- **Work to complete**
Retype the data below exactly, skipping pictures.

- **The data**
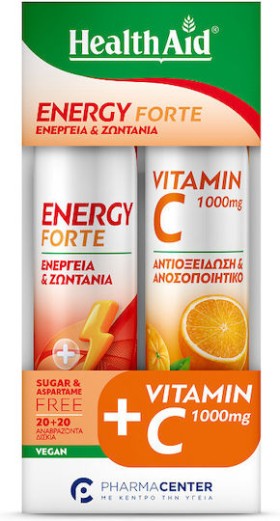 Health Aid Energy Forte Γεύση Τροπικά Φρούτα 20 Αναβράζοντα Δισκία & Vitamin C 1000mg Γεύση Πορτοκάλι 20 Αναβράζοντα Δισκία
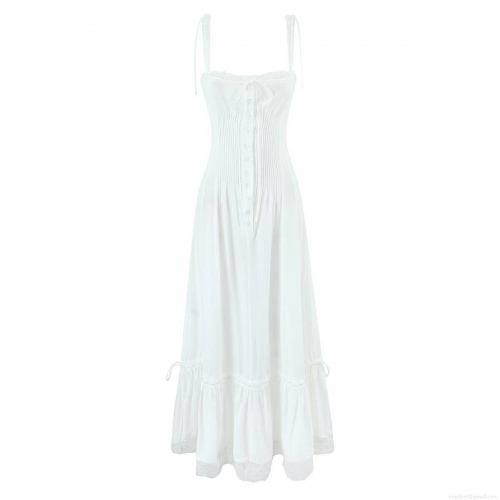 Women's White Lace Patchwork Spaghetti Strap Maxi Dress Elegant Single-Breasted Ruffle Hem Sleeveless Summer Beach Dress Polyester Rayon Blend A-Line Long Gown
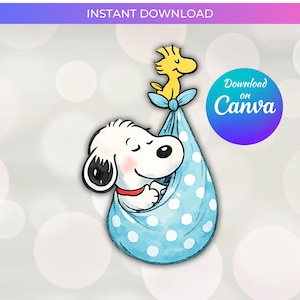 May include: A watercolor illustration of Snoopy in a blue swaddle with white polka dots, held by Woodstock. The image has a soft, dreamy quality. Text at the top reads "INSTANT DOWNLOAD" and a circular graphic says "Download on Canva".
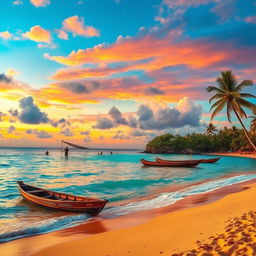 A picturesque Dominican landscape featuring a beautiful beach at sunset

- **Reply**
 Health Aid Energy Forte Γεύση Τροπικά Φρούτα 20 Αναβράζοντα Δισκία & Vitamin C 1000mg Γεύση Πορτοκάλι 20 Αναβράζοντα Δισκία
 Women's White Lace Patchwork Spaghetti Strap Maxi Dress Elegant Single-Breasted Ruffle Hem Sleeveless Summer Beach Dress Polyester Rayon Blend A-Line Long Gown
 May include: A watercolor illustration of Snoopy in a blue swaddle with white polka dots, held by Woodstock. The image has a soft, dreamy quality. Text at the top reads "INSTANT DOWNLOAD" and a circular graphic says "Download on Canva".
 A picturesque Dominican landscape featuring a beautiful beach at sunset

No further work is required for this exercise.